Sheldon Goodman
A Lesson In Simplicity
Owing to a looming deadline for Sheldon’s tour-guiding studies, today’s entry is written by Ian Brentnall. Ian is a Choirmaster and Organist who has over thirty years experience of working with choirs and choral societies. He very kindly offered to write an entry detailing a recent visit he made to France where the legacy of a Christian man is all around where he was finally laid to rest.
Sheldon and I share a common interest: we are both singers. I have recently returned from an enormously enjoyable tour with The Combe Bank Choral Society, based in Sundridge near Sevenoaks in Kent, singing our way around some of the Cathedrals and Churches of Burgundy, not to mention several diversions to the local vineyards and cellars where the Pinot Noir grape is king and time is measured in vintages rather than months and years.

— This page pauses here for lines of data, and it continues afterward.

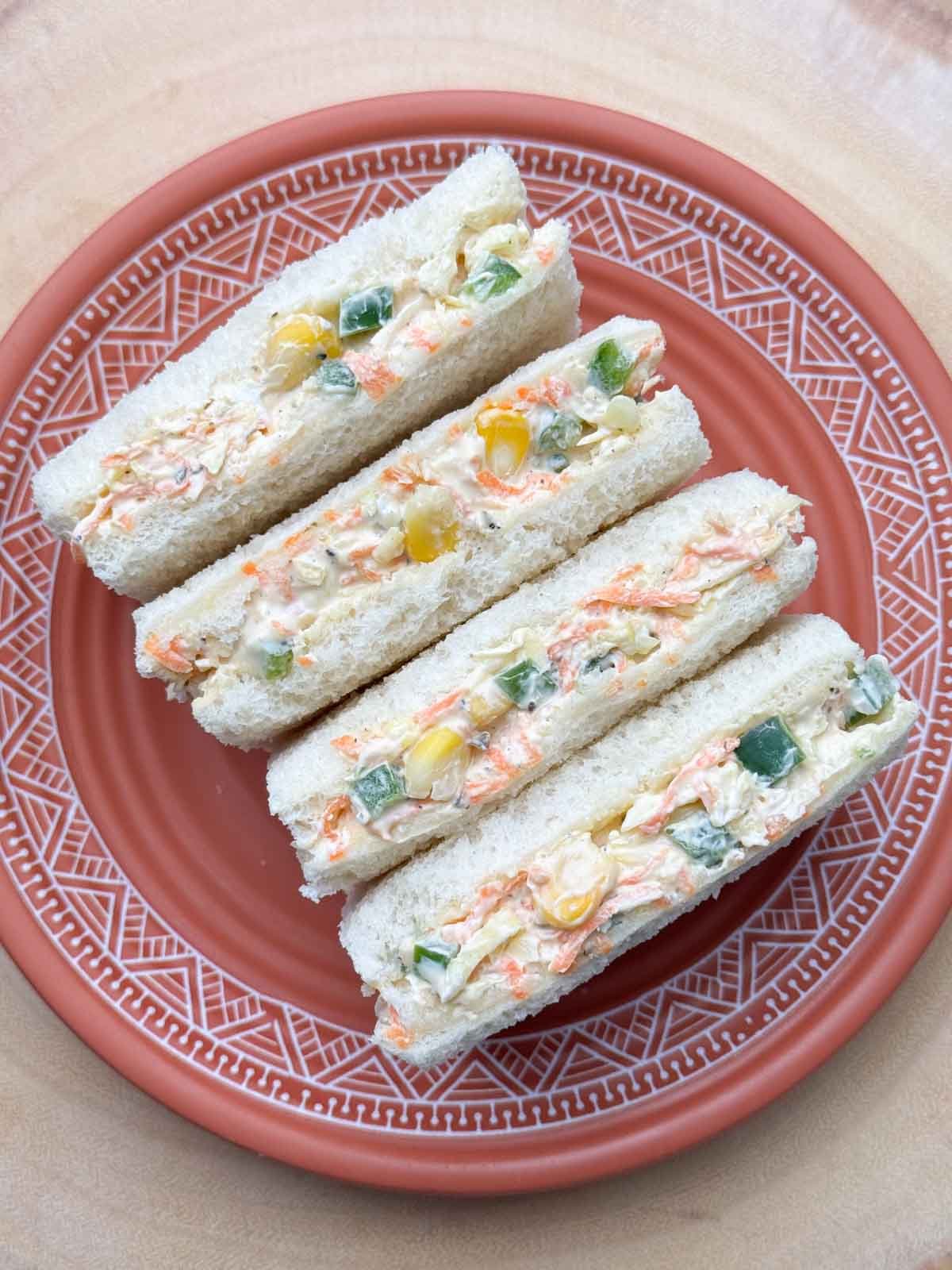 four slices of vegetable cream cheese sandwich in a plate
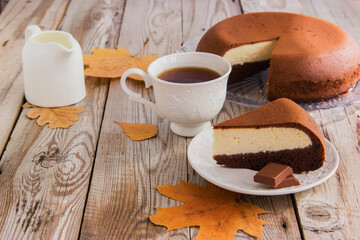 Chocolate-cottage cheese cake and tea on wooden background.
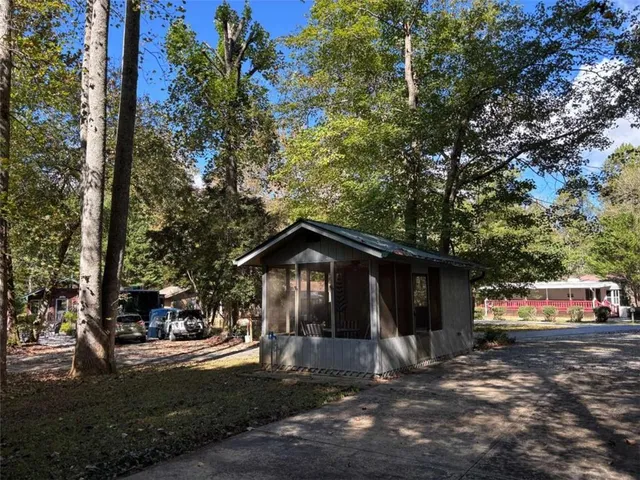 a view of a barn in the middle of a yard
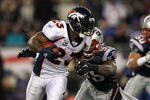 FOXBORO, MA - JANUARY 14:  Willis McGahee #23 of the Denver Broncos runs the ball against the New England Patriots during their AFC Divisional Playoff Game at Gillette Stadium on January 14, 2012 in Foxboro, Massachusetts.  (Photo by Al Bello/Getty Images)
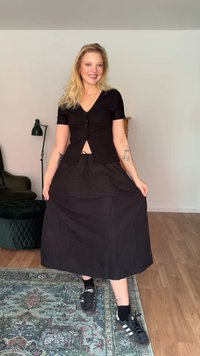 Blonďatá žena se usmívá, drží černou midi sukni, má na sobě černý zapínaný top, tenisky, stojí na vzorovaném koberci v jednoduchém obývacím pokoji.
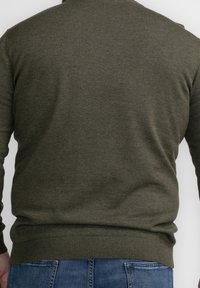 Man wearing olive green sweater and blue jeans, shown from the back against a plain white background.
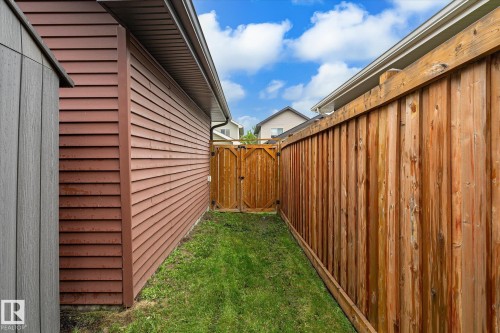 Private yard space featuring a stained wood privacy fence and a matching wood gate - 9039 219 Street, Edmonton, AB 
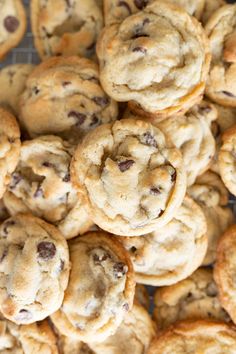 chocolate chip cookies piled on top of each other with one cookie in the middle surrounded by others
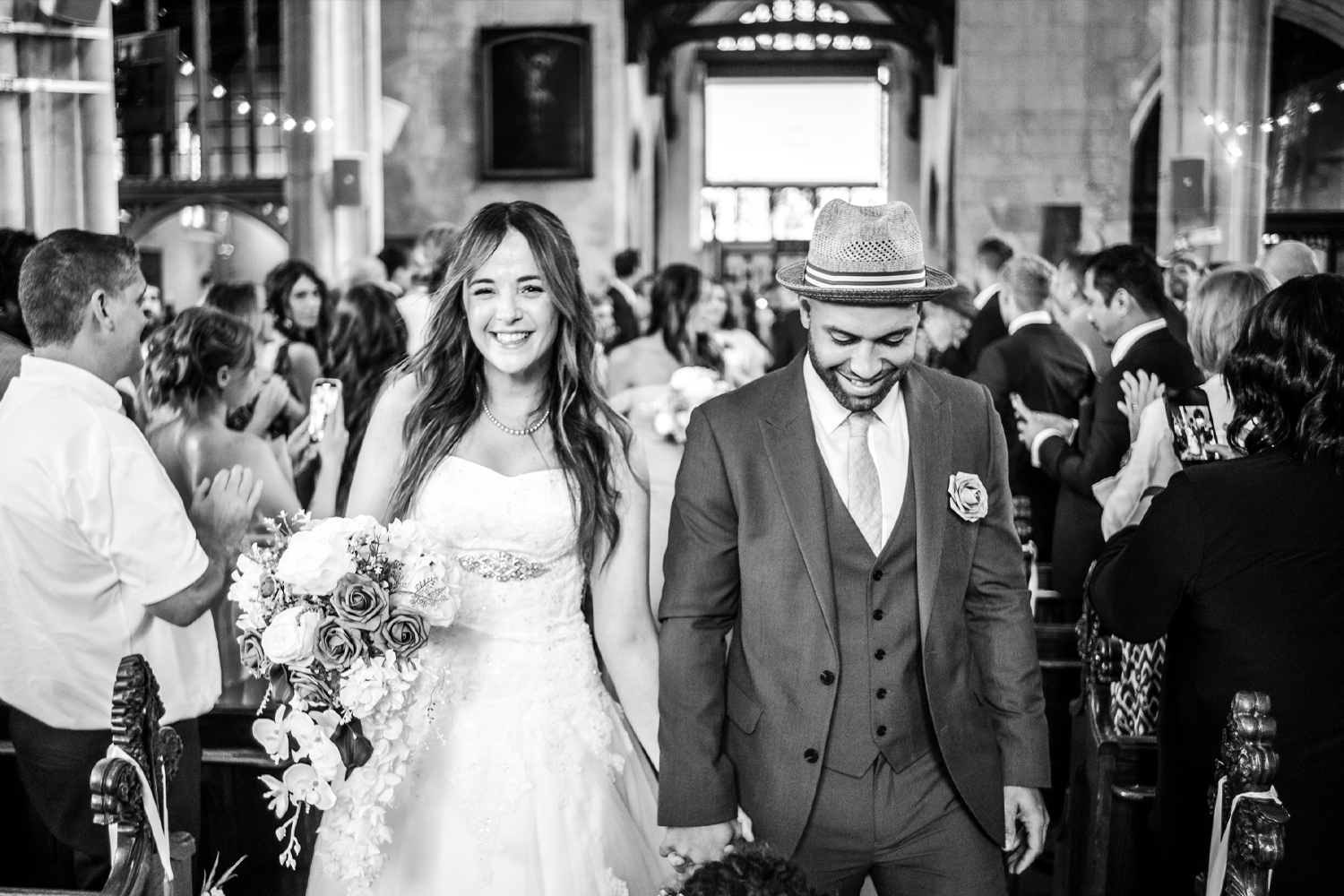 Black and white photo of a bride and groom walking down the aisle at a wedding ceremony inside a church, surrounded by guests.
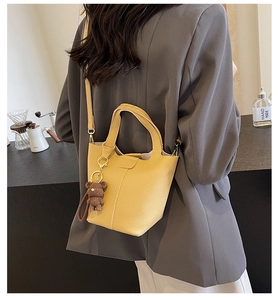 Detail of yellow lychee grain leather bucket bag with a cute bear charm on a grey blazer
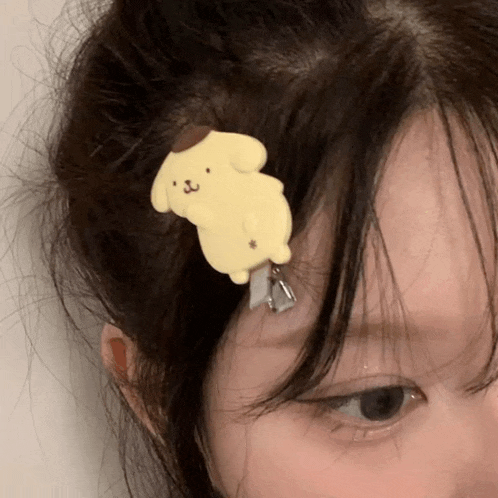 a close up of a person 's face with a hair clip in their hair .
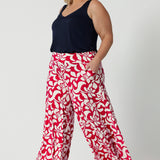 Wide-leg silhouette offers a flattering, relaxed fit that flows effortlessly, making them perfect summer season. Palazzo pants feature a bold red base adorned with a stunning ivory floral design.  Crafted from high-quality dry-touch jersey fabric. The lightweight fabric ensures you stay cool and comfortable while maintaining a polished appearance. Caspian Palazzo Pant is stocked in sizes 8-24.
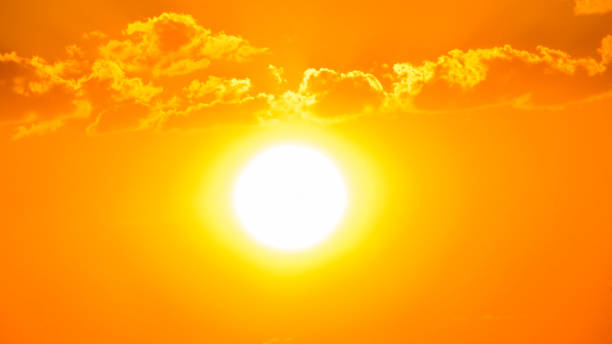 istock Sunset a beautiful sky orange golden clouds 1064578670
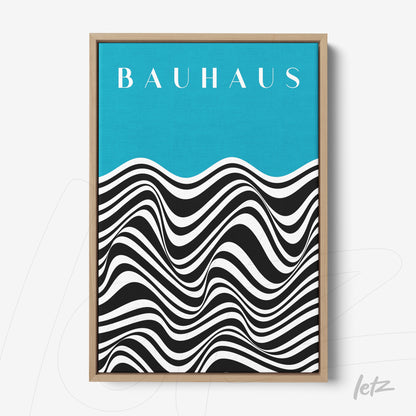 canvas print featuring black and white geometric art in Bauhaus style with a blue background and light wood frame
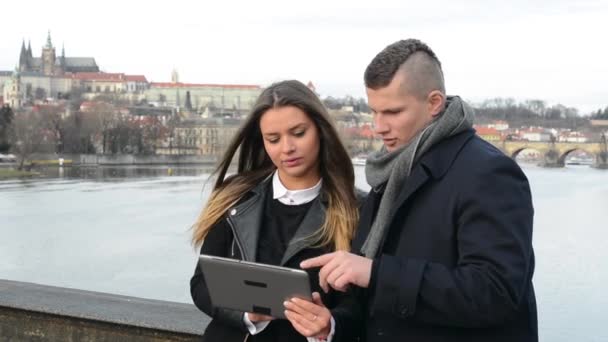 Feliz pareja de trabajo en la tableta en el puente - ciudad (Praga) en segundo plano — Vídeos de Stock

The golden vines of Burgundy
One of our excursions took us to Taizé, originally a tiny remote village in the Saône-et-Loire region of Burgundy, which now plays host to an ecumenical monastic order comprising about 100 monks. Periodically several thousand predominantly young folk descend on the place, take up residence by camping out in the fields surrounding the village and seek heightened religious awareness through a simple routine of prayer, contemplation, worship and organised activities. One such activity appeared to be the reason for our visit, namely to sing Gabriel Fauré’s beautiful Requiem in the vast Chapel of Reconciliation at the heart of the Taizé community in front of as many visitors as may wish to attend.
The name Taizé may be well known to readers who have a church background, as the contemplative style of worship and particularly the collection of chants written for the community by Jacques Berthier, Joseph Gelineau and many others have been used in churches throughout the land.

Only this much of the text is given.